### Input material
────────────────

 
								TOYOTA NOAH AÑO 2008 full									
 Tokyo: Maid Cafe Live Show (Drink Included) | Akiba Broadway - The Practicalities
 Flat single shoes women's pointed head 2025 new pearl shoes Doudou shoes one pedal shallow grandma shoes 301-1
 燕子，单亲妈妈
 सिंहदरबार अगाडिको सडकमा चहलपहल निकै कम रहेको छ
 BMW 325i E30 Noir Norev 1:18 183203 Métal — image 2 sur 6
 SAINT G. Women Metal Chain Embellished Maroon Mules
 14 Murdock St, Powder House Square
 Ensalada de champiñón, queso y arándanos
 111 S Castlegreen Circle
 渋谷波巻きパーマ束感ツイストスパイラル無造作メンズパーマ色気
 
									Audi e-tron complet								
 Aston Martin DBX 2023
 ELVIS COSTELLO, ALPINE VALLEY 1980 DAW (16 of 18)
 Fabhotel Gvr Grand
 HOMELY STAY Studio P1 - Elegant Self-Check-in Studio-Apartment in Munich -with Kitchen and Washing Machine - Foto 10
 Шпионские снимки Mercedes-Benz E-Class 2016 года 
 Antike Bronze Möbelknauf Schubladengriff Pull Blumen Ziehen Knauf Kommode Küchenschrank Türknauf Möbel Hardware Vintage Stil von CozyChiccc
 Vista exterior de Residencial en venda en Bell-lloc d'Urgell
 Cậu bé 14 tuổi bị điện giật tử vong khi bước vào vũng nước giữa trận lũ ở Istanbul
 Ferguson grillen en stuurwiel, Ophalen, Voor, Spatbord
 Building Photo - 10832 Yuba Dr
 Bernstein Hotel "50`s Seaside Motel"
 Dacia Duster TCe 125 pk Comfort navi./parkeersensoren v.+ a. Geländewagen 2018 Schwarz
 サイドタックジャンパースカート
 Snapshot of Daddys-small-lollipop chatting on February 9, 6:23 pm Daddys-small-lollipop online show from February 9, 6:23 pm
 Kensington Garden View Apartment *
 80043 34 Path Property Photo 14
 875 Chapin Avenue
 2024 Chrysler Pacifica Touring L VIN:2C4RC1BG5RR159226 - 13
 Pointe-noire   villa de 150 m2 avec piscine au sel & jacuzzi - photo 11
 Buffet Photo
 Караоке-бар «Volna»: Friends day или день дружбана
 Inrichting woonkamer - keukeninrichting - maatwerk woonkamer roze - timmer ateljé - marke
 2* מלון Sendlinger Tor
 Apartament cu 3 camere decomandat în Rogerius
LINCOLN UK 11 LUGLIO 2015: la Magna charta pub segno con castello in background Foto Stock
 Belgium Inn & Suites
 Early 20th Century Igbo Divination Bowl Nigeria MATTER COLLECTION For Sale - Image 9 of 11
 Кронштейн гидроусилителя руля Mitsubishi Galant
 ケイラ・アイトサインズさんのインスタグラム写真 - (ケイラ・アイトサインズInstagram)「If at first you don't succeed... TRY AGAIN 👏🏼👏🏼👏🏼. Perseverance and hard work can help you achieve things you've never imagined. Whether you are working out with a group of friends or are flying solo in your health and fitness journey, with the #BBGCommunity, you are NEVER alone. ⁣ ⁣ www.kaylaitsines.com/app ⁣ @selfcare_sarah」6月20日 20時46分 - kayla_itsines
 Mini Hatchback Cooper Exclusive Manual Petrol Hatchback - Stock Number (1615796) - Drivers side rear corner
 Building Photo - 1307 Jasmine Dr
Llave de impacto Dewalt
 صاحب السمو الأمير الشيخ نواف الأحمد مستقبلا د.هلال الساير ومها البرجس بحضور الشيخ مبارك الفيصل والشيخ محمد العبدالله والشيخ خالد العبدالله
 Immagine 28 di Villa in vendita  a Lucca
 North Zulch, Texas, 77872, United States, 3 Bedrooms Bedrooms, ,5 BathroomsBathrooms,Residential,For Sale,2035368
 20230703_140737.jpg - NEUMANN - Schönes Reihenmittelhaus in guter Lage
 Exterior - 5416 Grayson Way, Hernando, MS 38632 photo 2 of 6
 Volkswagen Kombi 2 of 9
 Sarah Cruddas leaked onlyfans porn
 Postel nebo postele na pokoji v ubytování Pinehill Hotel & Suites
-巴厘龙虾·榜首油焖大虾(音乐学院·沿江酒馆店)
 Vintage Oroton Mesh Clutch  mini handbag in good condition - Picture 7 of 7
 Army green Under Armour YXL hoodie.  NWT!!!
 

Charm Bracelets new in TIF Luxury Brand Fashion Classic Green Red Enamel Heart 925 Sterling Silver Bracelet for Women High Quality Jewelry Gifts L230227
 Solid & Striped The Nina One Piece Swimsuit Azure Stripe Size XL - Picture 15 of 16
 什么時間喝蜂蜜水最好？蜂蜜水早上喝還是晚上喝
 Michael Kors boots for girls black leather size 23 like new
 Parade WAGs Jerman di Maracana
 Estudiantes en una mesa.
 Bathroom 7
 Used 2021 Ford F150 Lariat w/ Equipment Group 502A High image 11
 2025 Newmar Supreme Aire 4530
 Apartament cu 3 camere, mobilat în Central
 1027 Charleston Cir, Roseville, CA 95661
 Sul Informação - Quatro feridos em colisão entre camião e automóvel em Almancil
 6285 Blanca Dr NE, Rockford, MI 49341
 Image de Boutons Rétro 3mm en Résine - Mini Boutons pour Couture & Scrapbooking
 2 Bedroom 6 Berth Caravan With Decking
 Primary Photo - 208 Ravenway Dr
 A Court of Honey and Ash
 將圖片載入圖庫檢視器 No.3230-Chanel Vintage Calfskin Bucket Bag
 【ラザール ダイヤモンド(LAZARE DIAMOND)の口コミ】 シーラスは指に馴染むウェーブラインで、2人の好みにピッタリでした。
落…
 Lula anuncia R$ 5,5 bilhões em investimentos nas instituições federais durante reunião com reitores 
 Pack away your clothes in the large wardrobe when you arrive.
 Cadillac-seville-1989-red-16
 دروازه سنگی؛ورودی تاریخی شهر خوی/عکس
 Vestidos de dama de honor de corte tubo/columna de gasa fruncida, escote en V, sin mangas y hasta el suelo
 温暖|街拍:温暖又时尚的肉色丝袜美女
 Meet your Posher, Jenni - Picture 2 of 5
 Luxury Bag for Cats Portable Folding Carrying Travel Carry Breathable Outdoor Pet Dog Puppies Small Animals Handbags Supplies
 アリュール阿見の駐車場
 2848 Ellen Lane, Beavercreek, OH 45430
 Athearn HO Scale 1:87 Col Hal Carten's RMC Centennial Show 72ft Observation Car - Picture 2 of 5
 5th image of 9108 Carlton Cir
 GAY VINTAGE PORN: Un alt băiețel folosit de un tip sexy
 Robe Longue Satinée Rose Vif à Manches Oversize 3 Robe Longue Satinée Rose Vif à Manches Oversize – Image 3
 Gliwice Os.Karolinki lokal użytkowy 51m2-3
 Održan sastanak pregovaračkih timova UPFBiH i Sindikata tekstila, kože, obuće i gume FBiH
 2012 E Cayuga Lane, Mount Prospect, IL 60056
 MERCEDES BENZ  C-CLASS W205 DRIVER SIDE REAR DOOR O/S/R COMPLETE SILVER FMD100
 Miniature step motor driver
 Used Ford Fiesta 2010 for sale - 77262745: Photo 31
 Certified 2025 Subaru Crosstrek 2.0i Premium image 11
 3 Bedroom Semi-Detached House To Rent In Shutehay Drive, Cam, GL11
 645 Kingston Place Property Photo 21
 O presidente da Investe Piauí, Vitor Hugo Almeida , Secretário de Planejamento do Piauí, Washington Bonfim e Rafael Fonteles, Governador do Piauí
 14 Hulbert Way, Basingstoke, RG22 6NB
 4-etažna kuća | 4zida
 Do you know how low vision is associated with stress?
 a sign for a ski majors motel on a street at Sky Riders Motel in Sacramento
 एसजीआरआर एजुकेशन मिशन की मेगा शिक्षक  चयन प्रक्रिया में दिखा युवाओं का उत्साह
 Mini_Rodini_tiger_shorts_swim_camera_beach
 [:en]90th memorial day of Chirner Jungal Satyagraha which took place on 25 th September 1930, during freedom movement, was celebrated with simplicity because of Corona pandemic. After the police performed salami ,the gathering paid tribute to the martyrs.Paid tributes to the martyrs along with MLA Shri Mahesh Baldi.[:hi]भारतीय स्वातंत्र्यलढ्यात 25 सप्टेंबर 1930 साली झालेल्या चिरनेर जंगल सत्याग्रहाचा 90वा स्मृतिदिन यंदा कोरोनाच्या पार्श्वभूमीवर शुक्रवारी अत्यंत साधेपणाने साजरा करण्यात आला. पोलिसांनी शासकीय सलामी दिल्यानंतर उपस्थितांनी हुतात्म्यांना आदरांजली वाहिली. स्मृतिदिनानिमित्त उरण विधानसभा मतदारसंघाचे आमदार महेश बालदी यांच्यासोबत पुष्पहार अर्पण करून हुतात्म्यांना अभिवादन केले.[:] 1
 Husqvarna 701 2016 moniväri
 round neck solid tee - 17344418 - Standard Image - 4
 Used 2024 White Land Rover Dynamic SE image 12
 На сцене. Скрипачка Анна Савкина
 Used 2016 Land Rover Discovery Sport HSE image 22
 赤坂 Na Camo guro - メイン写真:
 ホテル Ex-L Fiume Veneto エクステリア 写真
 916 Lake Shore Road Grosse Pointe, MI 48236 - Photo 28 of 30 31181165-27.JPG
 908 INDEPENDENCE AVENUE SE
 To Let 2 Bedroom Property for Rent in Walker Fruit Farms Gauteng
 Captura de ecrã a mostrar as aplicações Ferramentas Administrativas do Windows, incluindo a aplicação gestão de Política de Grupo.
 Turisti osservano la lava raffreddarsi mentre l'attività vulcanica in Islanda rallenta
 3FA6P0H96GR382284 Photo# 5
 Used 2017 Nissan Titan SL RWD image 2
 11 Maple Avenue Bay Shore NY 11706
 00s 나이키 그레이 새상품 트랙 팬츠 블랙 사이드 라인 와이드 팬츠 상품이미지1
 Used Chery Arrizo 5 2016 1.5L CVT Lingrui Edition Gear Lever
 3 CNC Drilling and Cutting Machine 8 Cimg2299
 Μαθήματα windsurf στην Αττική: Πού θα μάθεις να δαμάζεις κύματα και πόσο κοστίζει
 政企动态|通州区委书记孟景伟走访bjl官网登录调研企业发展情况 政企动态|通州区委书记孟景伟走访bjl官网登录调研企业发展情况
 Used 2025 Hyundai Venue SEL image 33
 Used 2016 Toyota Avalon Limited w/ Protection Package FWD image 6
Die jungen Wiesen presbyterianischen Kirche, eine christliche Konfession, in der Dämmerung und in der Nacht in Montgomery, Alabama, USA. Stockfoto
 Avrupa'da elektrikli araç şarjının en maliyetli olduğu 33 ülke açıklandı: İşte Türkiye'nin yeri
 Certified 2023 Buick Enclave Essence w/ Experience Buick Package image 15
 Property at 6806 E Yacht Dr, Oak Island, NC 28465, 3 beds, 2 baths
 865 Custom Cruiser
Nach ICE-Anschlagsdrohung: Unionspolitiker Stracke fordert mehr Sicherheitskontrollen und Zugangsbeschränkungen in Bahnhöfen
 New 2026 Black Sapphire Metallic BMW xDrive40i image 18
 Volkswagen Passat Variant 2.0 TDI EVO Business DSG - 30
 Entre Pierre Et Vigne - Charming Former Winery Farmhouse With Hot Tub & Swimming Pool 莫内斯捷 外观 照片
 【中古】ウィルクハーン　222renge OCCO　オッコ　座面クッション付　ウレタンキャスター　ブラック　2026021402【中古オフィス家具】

────────────────

### Task prompt
Copy the stretch of the records above that runs from the line with "Vintage Oroton Mesh" through the line with "Estudiantes en una mesa.". Both end lines belong in the copy, and nothing else does.

### Response to this exercise
 Vintage Oroton Mesh Clutch  mini handbag in good condition - Picture 7 of 7
 Army green Under Armour YXL hoodie.  NWT!!!
 

Charm Bracelets new in TIF Luxury Brand Fashion Classic Green Red Enamel Heart 925 Sterling Silver Bracelet for Women High Quality Jewelry Gifts L230227
 Solid & Striped The Nina One Piece Swimsuit Azure Stripe Size XL - Picture 15 of 16
 什么時間喝蜂蜜水最好？蜂蜜水早上喝還是晚上喝
 Michael Kors boots for girls black leather size 23 like new
 Parade WAGs Jerman di Maracana
 Estudiantes en una mesa.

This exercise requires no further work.